### WHAT IS EXPECTED
The answer must be only the lines below from the one holding "TOYOTA 4RUNNER image 11" down to the one holding "Номер Superior, The", ends included, printed exactly; please omit all pictures.

### DATASET RECORDS
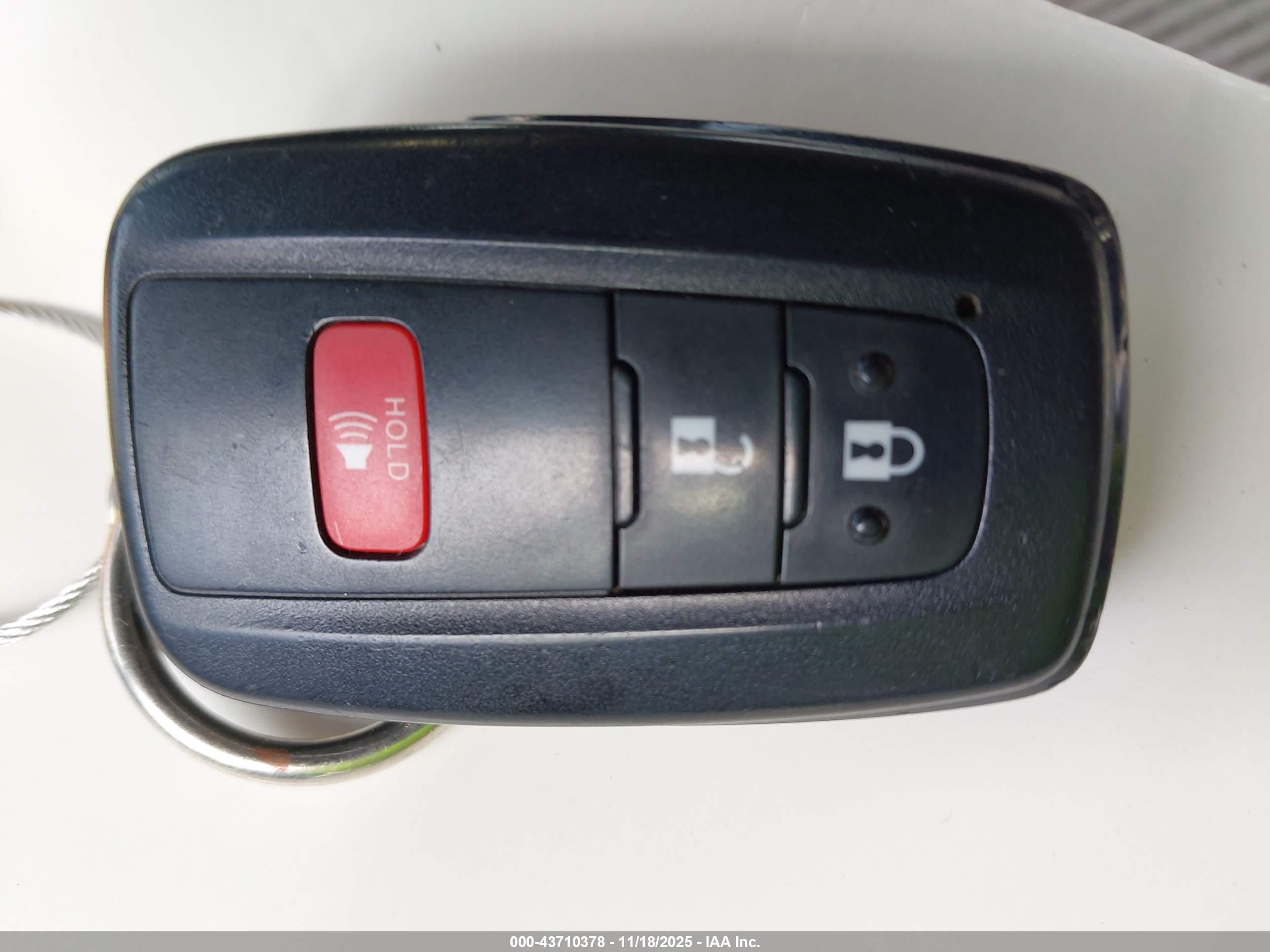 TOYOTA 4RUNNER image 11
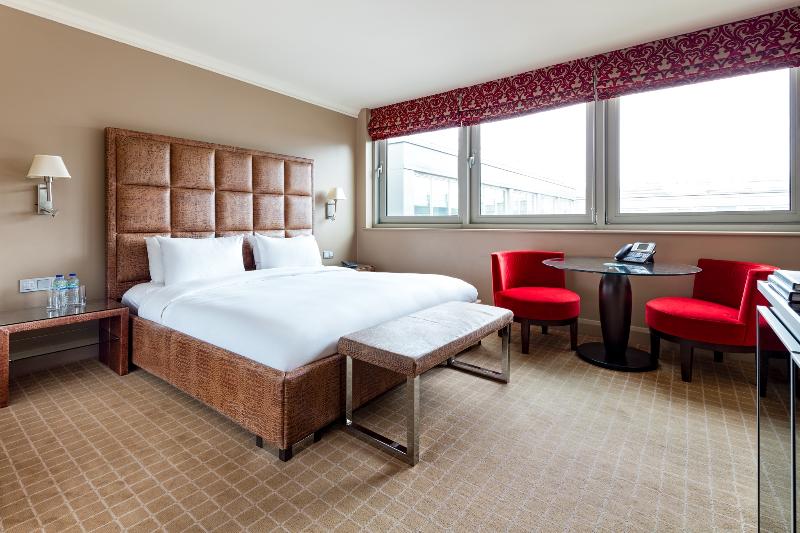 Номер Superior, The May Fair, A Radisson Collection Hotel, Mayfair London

...

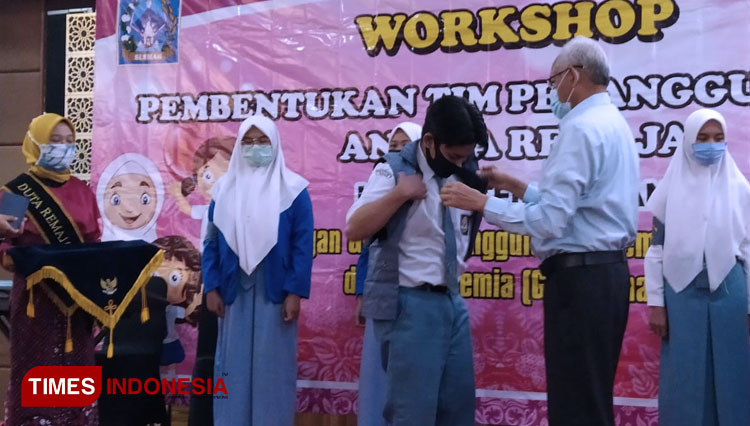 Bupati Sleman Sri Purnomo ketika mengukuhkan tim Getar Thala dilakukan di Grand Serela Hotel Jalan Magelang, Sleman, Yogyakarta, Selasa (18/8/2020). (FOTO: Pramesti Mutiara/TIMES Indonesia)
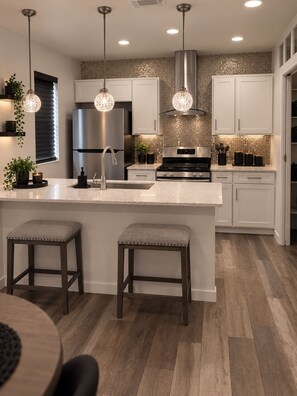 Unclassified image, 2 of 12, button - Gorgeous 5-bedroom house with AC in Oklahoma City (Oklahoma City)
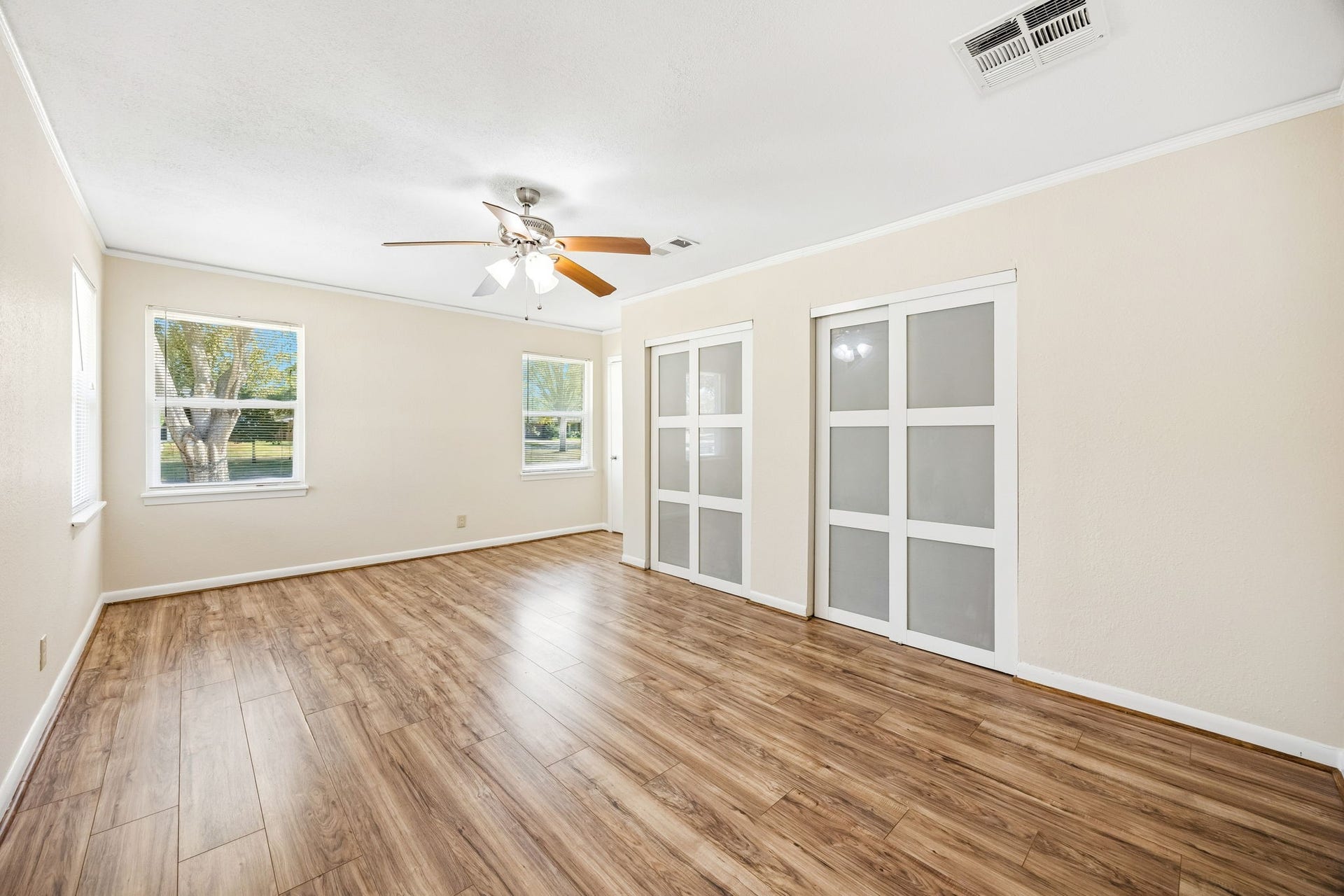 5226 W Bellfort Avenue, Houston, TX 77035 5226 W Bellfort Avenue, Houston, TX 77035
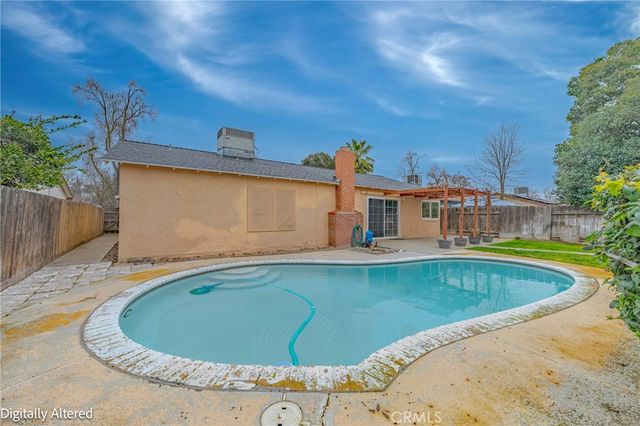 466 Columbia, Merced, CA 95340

* * *

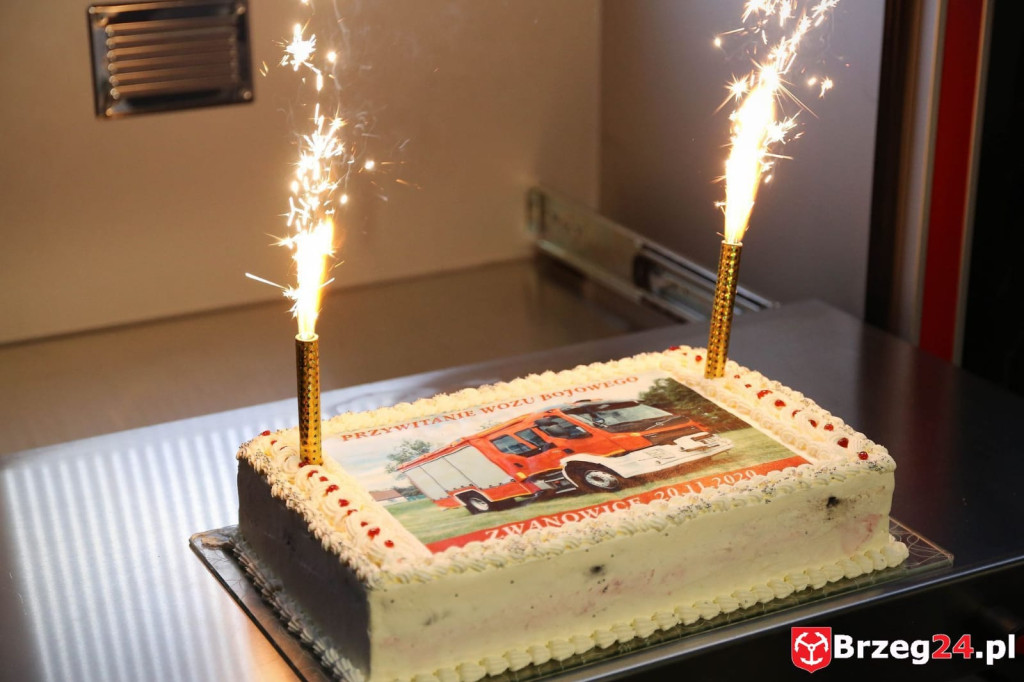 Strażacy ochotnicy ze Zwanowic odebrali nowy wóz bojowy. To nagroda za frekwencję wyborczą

### ANSWER TO THIS PROBLEM
 TOYOTA 4RUNNER image 11
 Номер Superior, The May Fair, A Radisson Collection Hotel, Mayfair London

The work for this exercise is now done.